Too much exercise is referred to as “overtraining”. As good as exercise is for you, too much of it can harm you. Your body isn’t built to train hard for long periods of time without stopping. Daily workouts are completely fine but its the intensity that should be monitored. You don’t want to go full throttle and have no fuel left to go along the rest of your day.
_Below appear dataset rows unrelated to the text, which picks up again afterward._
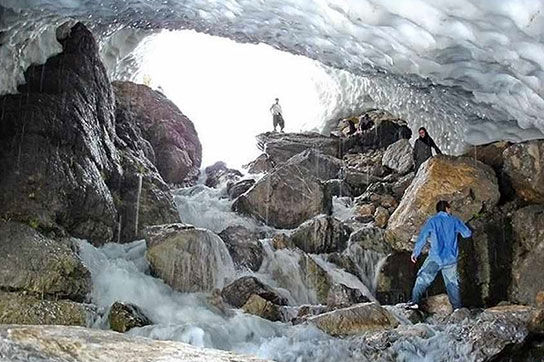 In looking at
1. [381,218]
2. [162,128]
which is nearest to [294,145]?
[162,128]

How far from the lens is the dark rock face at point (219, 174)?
16.9 meters

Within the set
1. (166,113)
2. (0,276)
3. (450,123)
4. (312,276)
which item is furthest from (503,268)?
(166,113)

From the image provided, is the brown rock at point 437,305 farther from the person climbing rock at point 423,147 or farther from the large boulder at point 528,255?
the person climbing rock at point 423,147

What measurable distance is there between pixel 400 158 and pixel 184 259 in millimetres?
9163

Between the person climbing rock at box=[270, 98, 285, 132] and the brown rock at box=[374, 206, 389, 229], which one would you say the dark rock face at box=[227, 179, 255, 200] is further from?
the person climbing rock at box=[270, 98, 285, 132]

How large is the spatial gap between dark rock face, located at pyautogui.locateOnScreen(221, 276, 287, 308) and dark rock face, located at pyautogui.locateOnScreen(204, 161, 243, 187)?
817 centimetres

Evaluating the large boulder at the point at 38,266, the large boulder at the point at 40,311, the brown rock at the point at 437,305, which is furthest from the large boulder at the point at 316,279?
the large boulder at the point at 40,311

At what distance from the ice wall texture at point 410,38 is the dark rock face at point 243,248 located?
3.84 meters

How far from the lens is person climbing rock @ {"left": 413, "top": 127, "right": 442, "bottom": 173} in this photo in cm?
1055

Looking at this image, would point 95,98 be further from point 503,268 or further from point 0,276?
point 503,268

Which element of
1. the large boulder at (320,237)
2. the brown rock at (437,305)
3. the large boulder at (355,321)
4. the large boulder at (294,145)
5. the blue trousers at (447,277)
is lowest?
the large boulder at (355,321)

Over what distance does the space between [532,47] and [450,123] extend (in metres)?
4.72

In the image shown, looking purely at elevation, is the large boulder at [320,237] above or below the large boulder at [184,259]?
above

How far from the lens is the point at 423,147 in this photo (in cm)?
1089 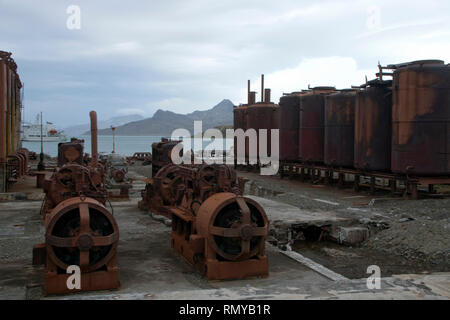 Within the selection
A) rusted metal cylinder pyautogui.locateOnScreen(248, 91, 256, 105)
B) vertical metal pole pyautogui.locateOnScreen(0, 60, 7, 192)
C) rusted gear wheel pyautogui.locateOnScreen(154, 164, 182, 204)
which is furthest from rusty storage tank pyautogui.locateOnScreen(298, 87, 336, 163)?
vertical metal pole pyautogui.locateOnScreen(0, 60, 7, 192)

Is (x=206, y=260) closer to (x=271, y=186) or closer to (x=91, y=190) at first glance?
(x=91, y=190)

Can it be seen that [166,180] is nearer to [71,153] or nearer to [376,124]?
[71,153]

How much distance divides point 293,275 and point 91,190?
406 centimetres

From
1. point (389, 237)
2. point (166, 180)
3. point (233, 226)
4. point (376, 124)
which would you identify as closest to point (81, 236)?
point (233, 226)

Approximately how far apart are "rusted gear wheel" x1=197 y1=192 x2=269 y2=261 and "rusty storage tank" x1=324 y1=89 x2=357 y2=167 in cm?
1196

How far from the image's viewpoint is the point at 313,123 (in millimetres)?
21188

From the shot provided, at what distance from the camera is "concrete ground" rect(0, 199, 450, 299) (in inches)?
224

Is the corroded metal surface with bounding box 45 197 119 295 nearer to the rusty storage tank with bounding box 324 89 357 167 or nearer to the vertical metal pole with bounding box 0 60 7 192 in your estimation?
the vertical metal pole with bounding box 0 60 7 192

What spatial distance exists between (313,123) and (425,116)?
Answer: 7.37m

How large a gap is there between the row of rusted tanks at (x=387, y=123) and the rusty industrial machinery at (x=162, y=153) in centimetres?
685

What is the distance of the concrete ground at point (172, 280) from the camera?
5.70 meters

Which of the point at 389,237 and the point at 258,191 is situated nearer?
the point at 389,237

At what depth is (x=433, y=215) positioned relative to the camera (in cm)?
1177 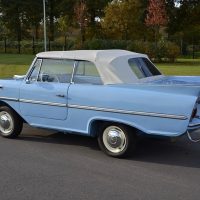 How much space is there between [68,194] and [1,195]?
0.72m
Your body needs time in between workouts to recover. If you’ve already overtrained before reading this, you can follow these tips for successful post workout recovery. But if you haven’t, stick around for signs you’re overtraining and how to prevent it.

The Signs
Overtraining affects you physically and psychologically. So how do you know you’ve overtrained? You’ll feel incredibly weak, a washed-out type feeling. You will notice a decrease in performance, agility, strength, and endurance. Pain in the muscles and joints will also be another tell-tale sign. You will notice that the training intensity that you are used to will become more difficult to complete. This is all because you need to allow your body to rest after intense training, especially if you train regularly. Not allowing your body to recover will only harm your fitness goals rather than getting you there quicker. It’s much better to allow your body to recover for a couple days rather than spending a couple days in the hospital.

The psychological aspect is just as noticeable as the physical. An imbalance of hormones will cause you to become less motivated than usual thus affecting your overall activity and performance. You will find it difficult to fall asleep or experience interrupted sleeping for your body and mind is stressed. As your mind releases stress hormones, you will also experience increased agitation and mood swings. Depression is another inevitable consequence of overtraining. As you notice yourself not feeling like you usually do and can’t keep up with your everyday training intensity, it will affect your morale, hence making you depressed. It’s pretty much just all-around bad for you and should be avoided at all costs if a fit and healthy life is what you’re seeking.

How To Prevent Overtraining

       Set Your Limits
No one is born a super human, but you can be born tough. Don’t try and be superhuman because you’re not, if you are starting to feel exhausted or finding it difficult to continue a workout without pain, you should stop immediately and regroup with yourself. Everyone has different levels of endurance but nobody knows you better than yourself so it is up to you to decide when to stop and jot it down for future reference.

       Give yourself a Rest Day
Allow yourself to recover for at least 1 full day a week. Make this day a day where you can just relax, do limited physical activities, or enjoy our favorite meal that isn't necessarily the healthiest. A cheat day, if you will. Also Remember, your muscles grow and recover when you’re sleeping so make sure you get an appropriate amount of sleep. The amount of sleep required will vary depending on the person, but a safe recommendation is 7-8 hours of sleep per day.

       Eat Right
Cheat days are ok as long as it’s not everyday. Try to avoid processed foods as much as possible and look for food that is high in protein and carbs. Carbs are essential to muscle recovery and protein is essential for your muscles growth. Keep a food journal and document what and when you eat.

       Stay Hydrated
Remember when you heard that the human body is for the most part made of water? It wasn’t a lie. Make absolutely sure that you are drinking water in between and after workouts. Dehydrated tissue is prone to becoming injured and will have a slower recovery time. Proper hydration allows for your body temperature to be regulated, keep joints lubricated, delivers nutrients to cells, keeps organ function in check ,etc. Sports drinks are recommended if your training is over an hour for they contain carbs and electrolytes that maintains your body's ionic balance.